Rihanoff appeared as a guest in Netflix's Baby Ballroom in both seasons.

===Celebrity Big Brother===
On 5 January 2016, Rihanoff became a housemate in the 17th series of Celebrity Big Brother. On Day 3 she announced, in the house, she and boyfriend Ben Cohen were expecting a child, and that was roughly three months into her pregnancy. The pair were dance partners on the 2013 series of Strictly Come Dancing and at the time Cohen was still married to his former wife Abby. On 19 January 2016, Rihanoff became the third housemate to be evicted from the house, having received the fewest votes to save, spending a total of fifteen days in the house.

==Personal life==

Rihanoff is a patron of children's charity called The Dot Com Foundation helping children deal with risky situations, whether it be violence within the home, to confidence building.

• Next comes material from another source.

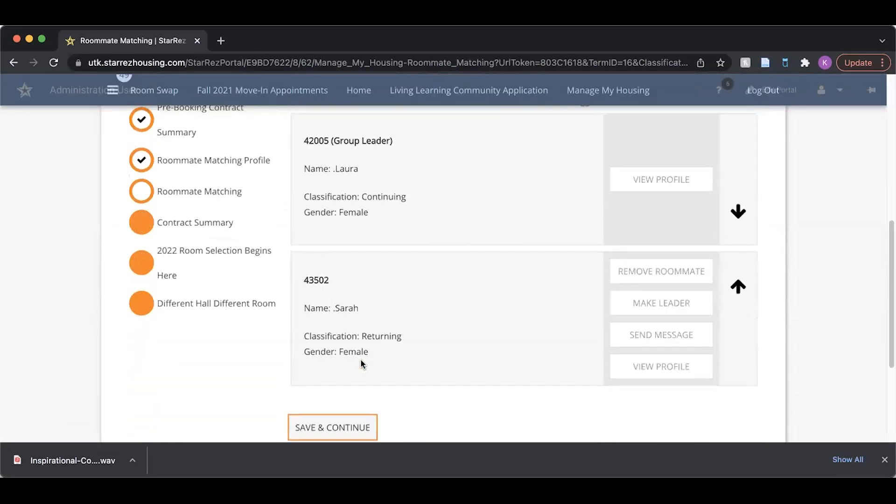I can see that I am in a roommate group. My roommate has confirmed, so I can see their name and status. I can now make additional adjustments to my group.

Following her well-publicised relationship with Joe Calzaghe, it was revealed in 2015 that another of her former partners, Ben Cohen, had left his wife Abby for Rihanoff, and in 2016 the couple had a daughter, Milena. In November 2022, Cohen and Rihanoff got engaged in the Maldives.

In 2017, it was reported that Rihanoff and Cohen had adopted a vegan diet to overcome health issues.